»»
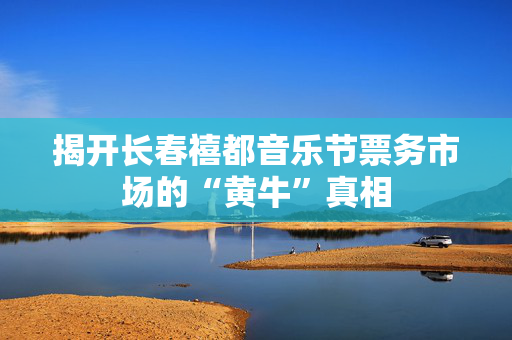 揭开长春禧都音乐节票务市场的“黄牛”真相-第1张图片-票100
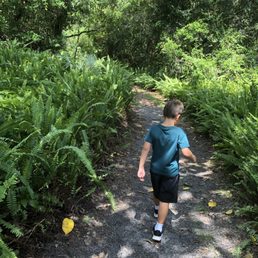Tall grasses Tall grasses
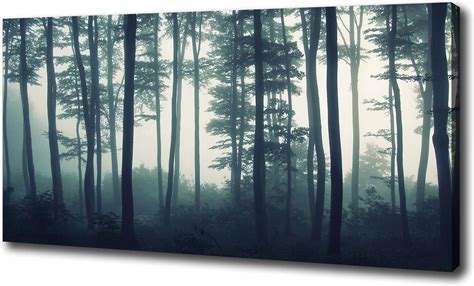 Pazzowalls Obraz na ścianę foto canvas Las we mgle 120x60 cm Opinie i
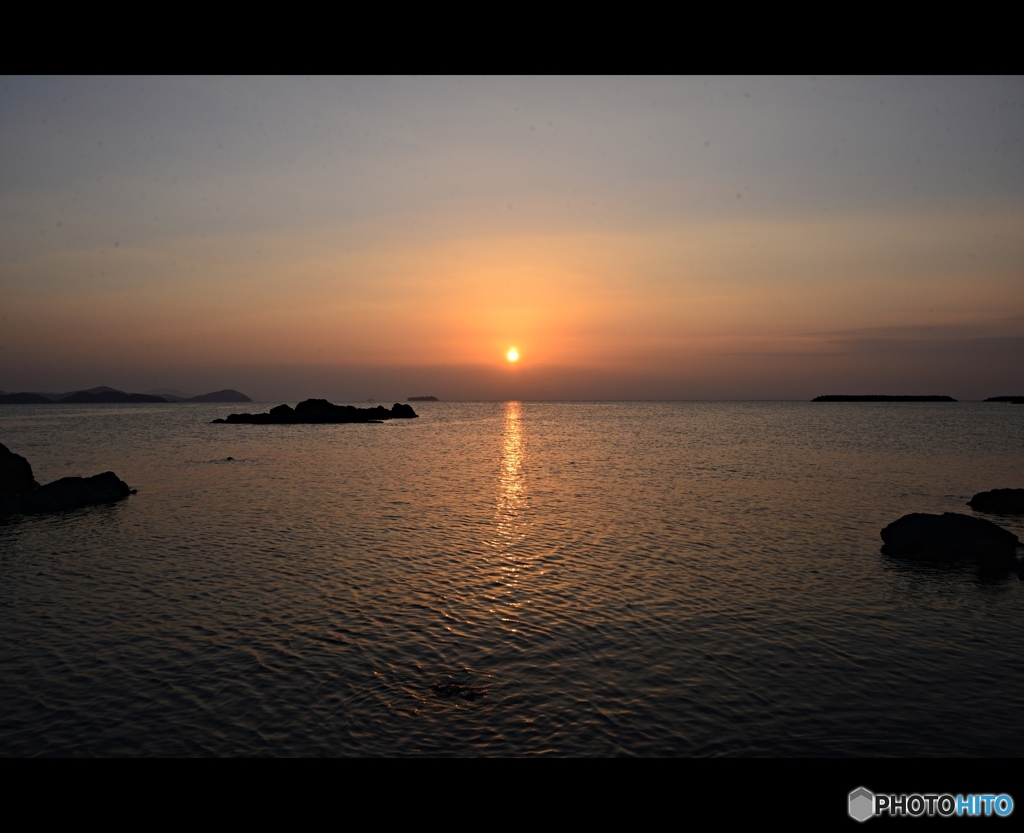 今朝の朝の散歩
««
Problem description:
Repeat each line above exactly. The pictures stay out.

Problem solution:
 揭开长春禧都音乐节票务市场的“黄牛”真相-第1张图片-票100
Tall grasses Tall grasses
 Pazzowalls Obraz na ścianę foto canvas Las we mgle 120x60 cm Opinie i
 今朝の朝の散歩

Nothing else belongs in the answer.